◆ To do: An exact copy of the lines of the listing below between the "Colorful crocheted plant" line and the "곰탱이 키즈비타 파우치형, 4000개, 1.1g" line, both included, is the whole answer; please omit the pictures.

◆ Provided data:
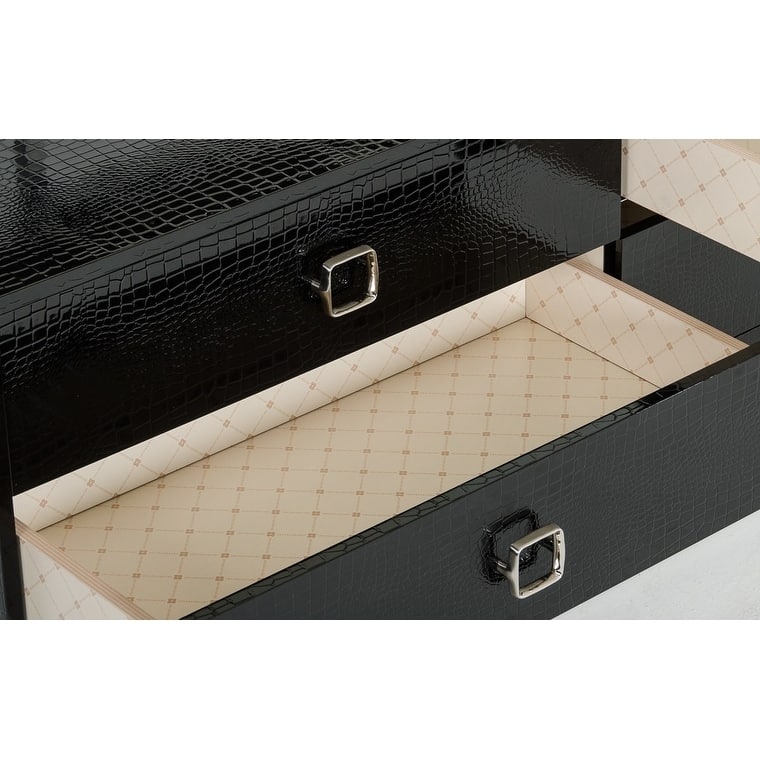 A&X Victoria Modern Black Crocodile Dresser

* * *

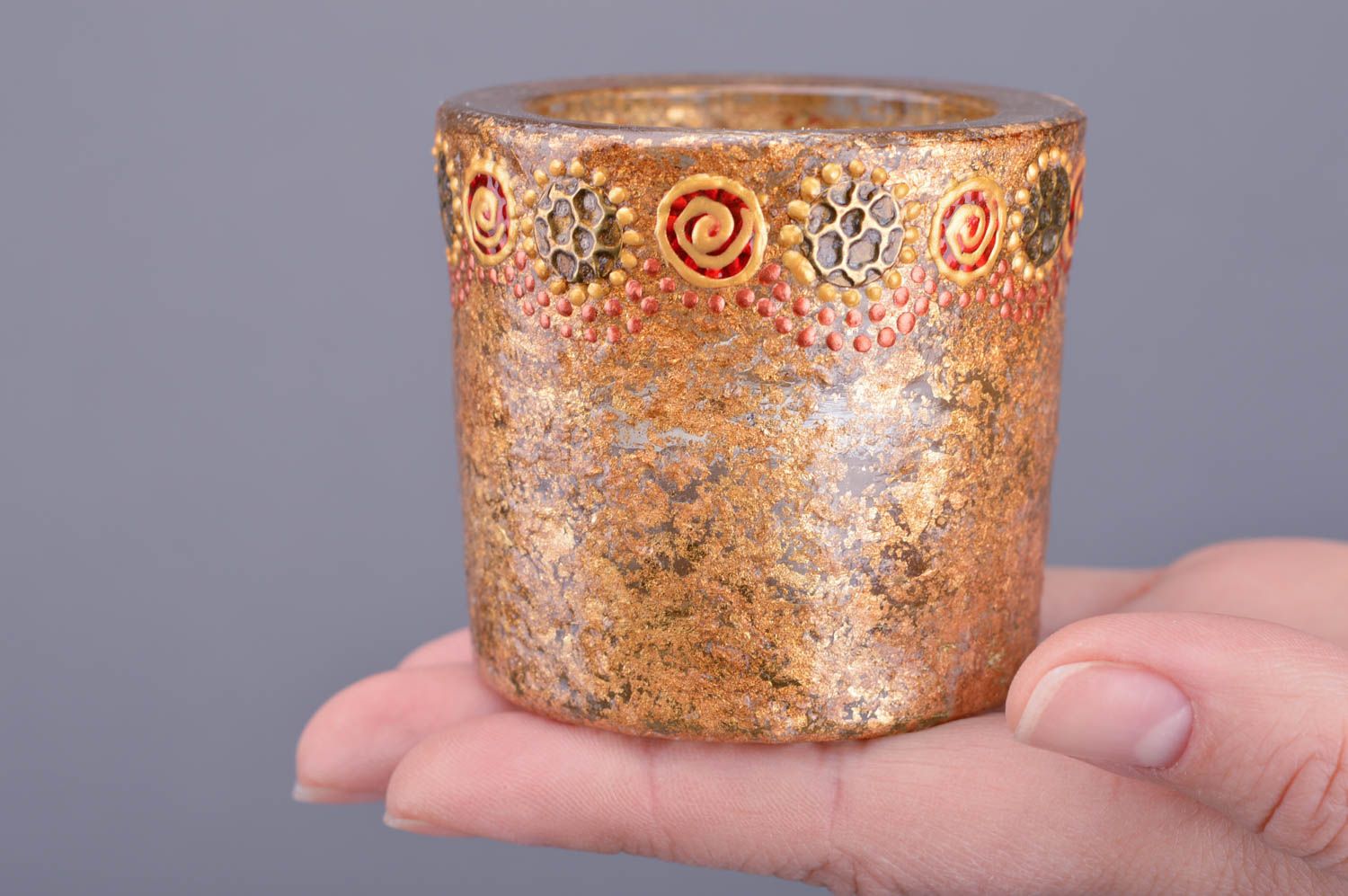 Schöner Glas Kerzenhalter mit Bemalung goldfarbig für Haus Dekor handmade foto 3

* * *

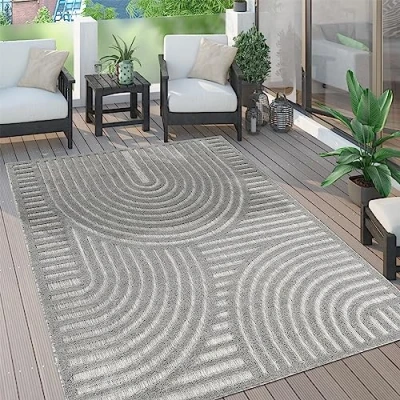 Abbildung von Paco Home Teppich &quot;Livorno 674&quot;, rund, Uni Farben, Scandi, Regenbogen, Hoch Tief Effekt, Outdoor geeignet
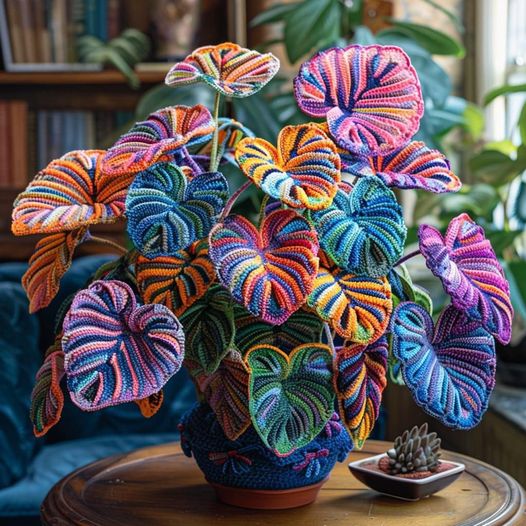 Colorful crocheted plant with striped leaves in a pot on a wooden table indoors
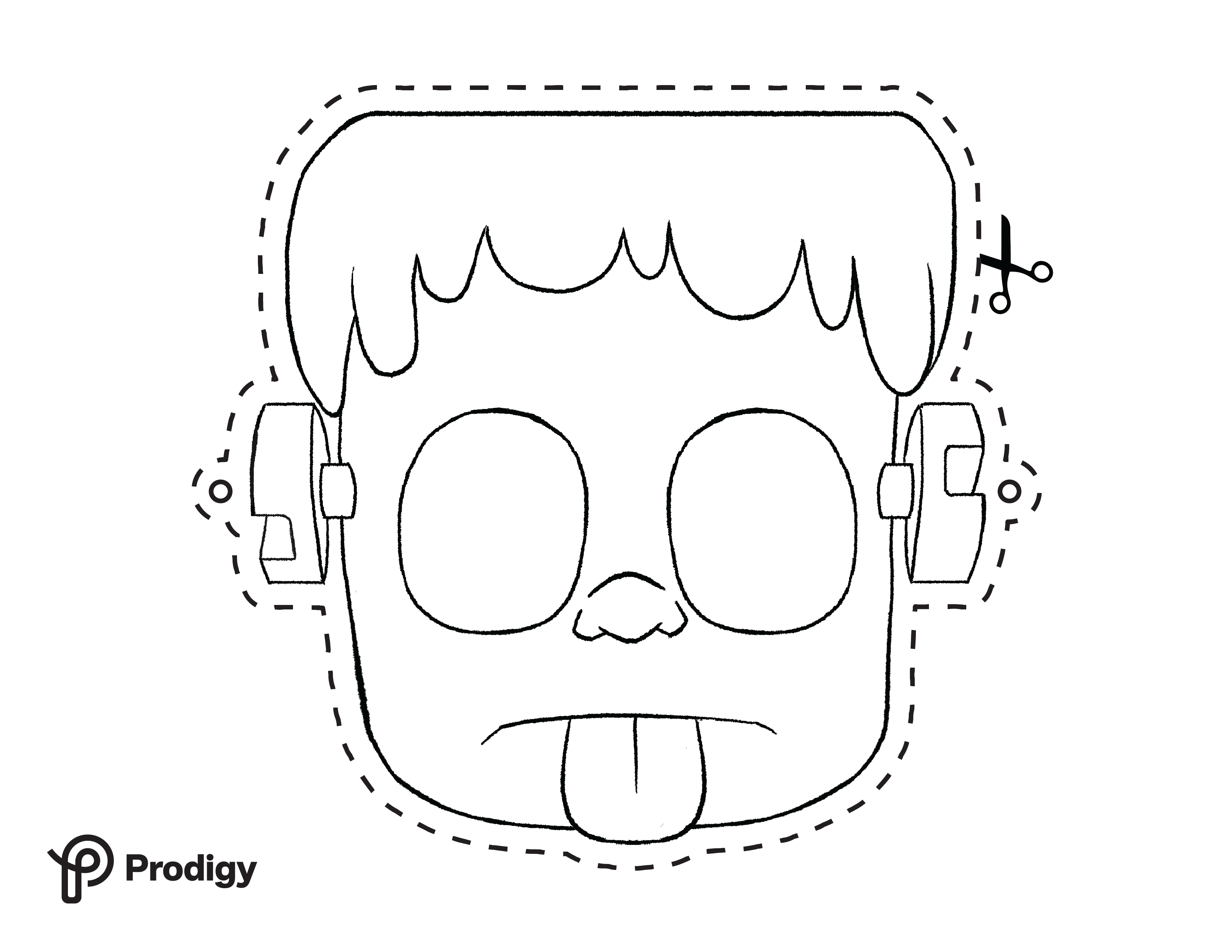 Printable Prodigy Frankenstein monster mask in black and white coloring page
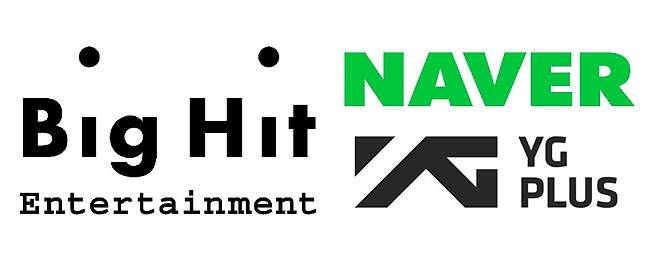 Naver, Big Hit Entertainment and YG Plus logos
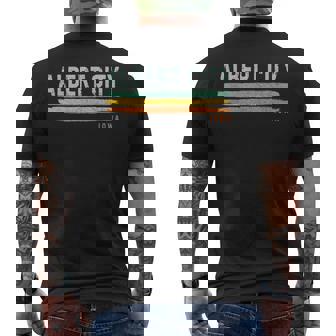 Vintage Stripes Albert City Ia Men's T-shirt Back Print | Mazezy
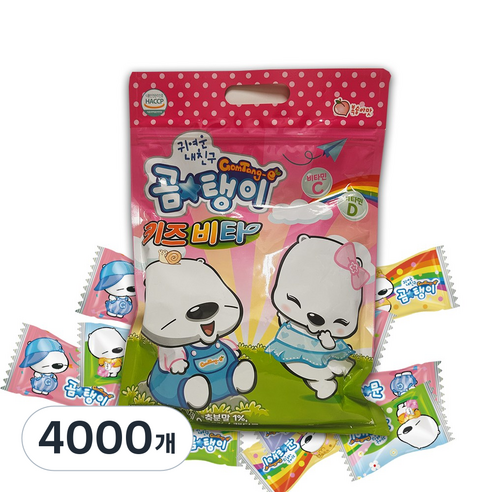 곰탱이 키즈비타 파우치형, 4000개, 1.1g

◆ Task output:
 Colorful crocheted plant with striped leaves in a pot on a wooden table indoors
 Printable Prodigy Frankenstein monster mask in black and white coloring page
 Naver, Big Hit Entertainment and YG Plus logos
 Vintage Stripes Albert City Ia Men's T-shirt Back Print | Mazezy
 곰탱이 키즈비타 파우치형, 4000개, 1.1g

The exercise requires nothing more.